Дело не в том, хорош или плох текст этих писем и чего в них больше - покаяния или высоты духа, - пугает сказавшееся в них насилие над волей и человеческим достоинством. При том, что унижение, которому подвергся Пастернак, было совершенно лишним. Сохранилось некоторое количество машинописных заготовок с рукописной правкой совместного авторства Ивинской, Поликарпова и Пастернака. Можно вычленить из них собственные пастернаковские вставки и его замечания на полях.

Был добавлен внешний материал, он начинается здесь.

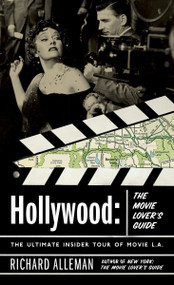Hollywood: The Movie Lover's Guide (The Ultimate Insider Tour of Movie L.A.) by Richard Alleman, 9780767916356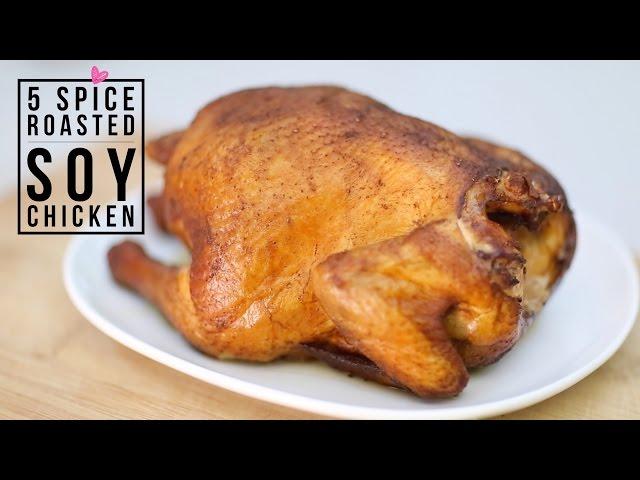 5 Spice Roasted Soy Chicken Recipe | Easy Soy Sauce Brine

Вместо предложенных ему слов: «Я являюсь гражданином своей страны» - Пастернак просил сделать, если это можно: «Я связан с Россией, и жизнь вне ее для меня невыносима». Или в другом месте, вычеркнув просьбу о том, чтобы к нему не применяли высылки, как «крайней меры», он приписал свое робкое пожелание, чем вызвал неудовольствие Поликарпова:
«Я это обещаю. Но нельзя ли на это время перестать обливать меня грязью».

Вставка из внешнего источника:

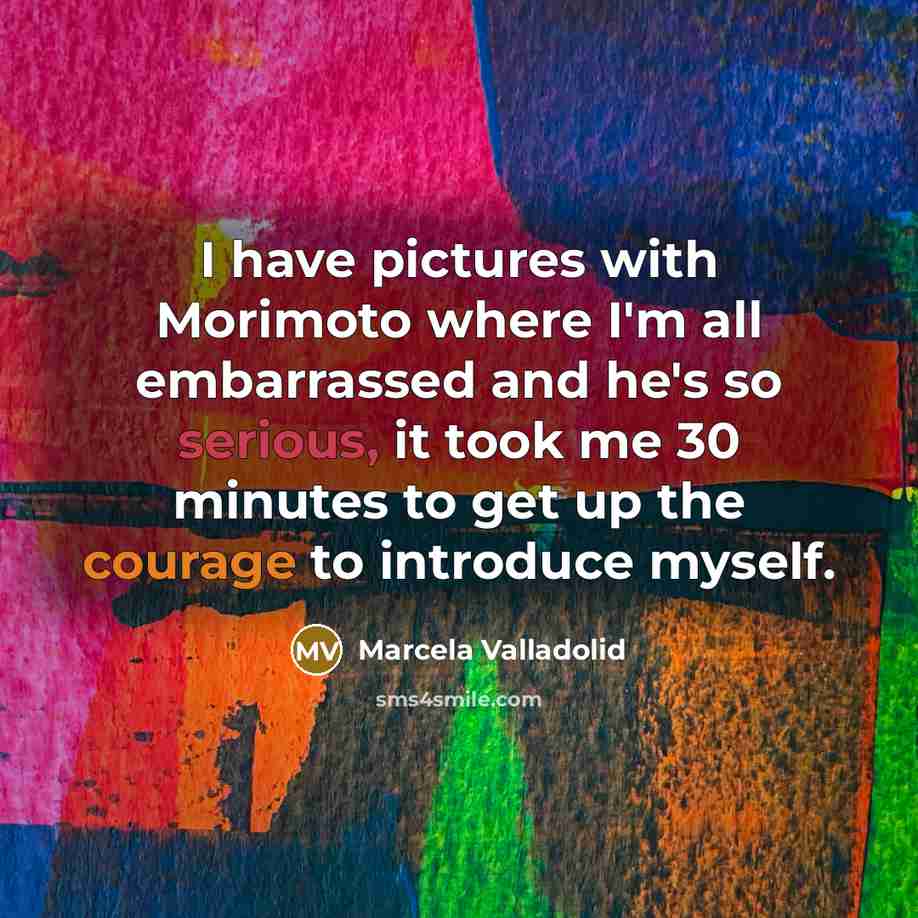 “I have pictures with Morimoto where I'm all embarrassed and he's so serious, it took me 30 minutes to get up the courage to introduce myself.” quote by Marcela Valladolid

«Не надо увлекаться переделкой и перекройкой, - писал Пастернак Поликарпову. - Это до неприличья искренно».
Ивинская до конца своих дней корила себя за ошибку, что поддалась угрозам и уговорила Пастернака покаяться: «Итак, иезуитская хитрость наших преследователей удалась полностью: предложение покаяться, выдвинутое в лоб, -было бы с негодованием отвергнуто; но когда «поклонник и доброжелатель» дал этот совет, а мы все его поддержали и «освятили» по сути навязанный нам текст письма - все получилось.
В дни присуждения Нобелевской премии другому русскому писателю - Александру Солженицыну - я заново переживала те страшные дни конца октября теперь уже далекого пятьдесят восьмого года. И особенно остро поняла нашу нестойкость, быть может даже глупость, неумение уловить «великий миг», который обернулся позорным.
Да, сейчас уже не поймешь, чего больше было в отказе от премии - вызова или малодушия.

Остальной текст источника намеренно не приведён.